# My First Classifier

Multi Class Classification is the task of assigning an input vector to a particular class based on some measure of similarity to other members of that class.

One of the simplest classifiers is a Minimum Distance Classifier and it is still an effective one. Given a two or more classes represented by a single class vector, we assign an input vector to itsclosest class.

Geometrically, if we think about a scatterplot of two of our features from the Wine dataset {Alchohol, ODxxx} we get a scatter plot:

In [3]:
var {loadUnlabelledWine, grid2} = require('./utils')
var Plot = require('plotly-notebook-js');

var {features, dataset} = loadUnlabelledWine();

var ALCOHOL = 0;
var ODxxx = 11;

var x = dataset.map(d => d[ALCOHOL]).map(f => parseFloat(f));
var y = dataset.map(d => d[ODxxx]).map(f => parseFloat(f));
var trace = { x, y, mode: 'markers', marker: { size: 8, }, type: 'scatter' };
var layout = { xaxis: { title: features[ALCOHOL] }, yaxis: { title: features[ODxxx] }, width: 700, height: 700 };

$$html$$ = Plot.createPlot([trace], layout).render()
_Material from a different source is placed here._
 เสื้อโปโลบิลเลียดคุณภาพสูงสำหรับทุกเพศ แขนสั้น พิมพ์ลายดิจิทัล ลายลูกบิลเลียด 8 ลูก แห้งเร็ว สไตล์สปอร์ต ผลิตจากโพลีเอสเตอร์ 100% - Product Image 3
### Manually Decide on Class Centroids

In order to classify we want to assign all of our points in the scatter plot to one of say three classes which I am going to pick manually. We are trying to pick the centroid or central point of the class.

Pick you own classes, I am picking:





In [9]:
var classes = [
    [12, 3.1],
    [13.75, 3.1],
    [13, 1.75]
];

var classTraces = classes.map(
    (c, idx) => ({ x: [c[0]], y: [c[1]], mode: 'markers', marker: { size: 14 }, type: 'scatter' }));

$$html$$ = Plot.createPlot([trace, ...classTraces], layout).render()

## Build a classifier

Let's build a simple "minimum distance" classifer using the euclidean distance. In this classifier, points are assigned to a class based on their distance from a single central point representing the class.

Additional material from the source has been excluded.